Por obra del cambio político fueron catapultados a la zona de la insignificancia. Su peso social se volatilizó en un lapso breve: el presidente dejó de recibirlos en Los Pinos, (porque ahora vive en Palacio Nacional); la secretaria no les toma la llamada; el director no tiene tiempo para recibirlos; el funcionario no responde el whatsapp.
La élite a la que pertenecían fue sustituida por otra élite que desconfía de ellos, que cuestiona sus modos de relación, que cambió los códigos de vestimenta, que viaja en carruajes más modestos, (o de plano anda a pie), que notoriamente ostenta mayor diversidad en el tono de la piel, el origen social y la geografía del país.
Relevante viene del vocablo latino “relevantis” y quiere decir levantarse o elevarse por encima del resto. Son bastantes individuos quienes este año resintieron la tragedia que implica reptar bajo —igualarse en altura con tantos otros que antes miraban con desdén.
Estas suelen ser las personas más enojadas. Son las que despotrican todos los días, descalifican, ningunean y con frecuencia profetizan la peor de las catástrofes.
Muy probablemente su enojo con el nuevo régimen sea, en talla, inversamente proporcional a la percepción de irrelevancia que tan angustiados les tiene.

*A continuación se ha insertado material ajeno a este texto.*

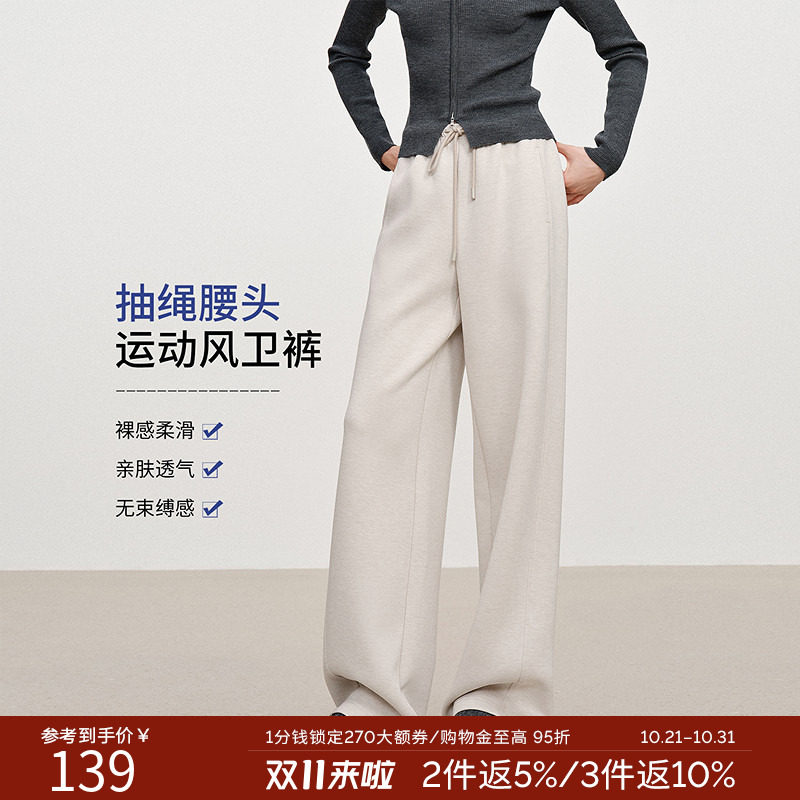 衣香丽影宽松运动卫裤灰色卫衣女2026年早秋装新款韩版通勤休闲裤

Sin embargo, una nota discordante con esta narrativa la impone el hecho de que no todos los relevantes de antes hayan caído ahora en desgracia. De hecho, conforme el año fue avanzando, cientos de los previamente relevantes recibieron el saludo generoso del nuevo régimen. Supieron adaptarse, pues.
ZOOM:
Nuestro país sigue siendo uno donde la igualación está lejos de resolverse. En esta geografía social tan asimétrica unos pueden subir y otros descender, mientras todos hacemos un esfuerzo tan ridículo como exagerado para levantar lo más arriba la cabeza. Han cambiado quizá los modos, pero no el tamaño de los escalones.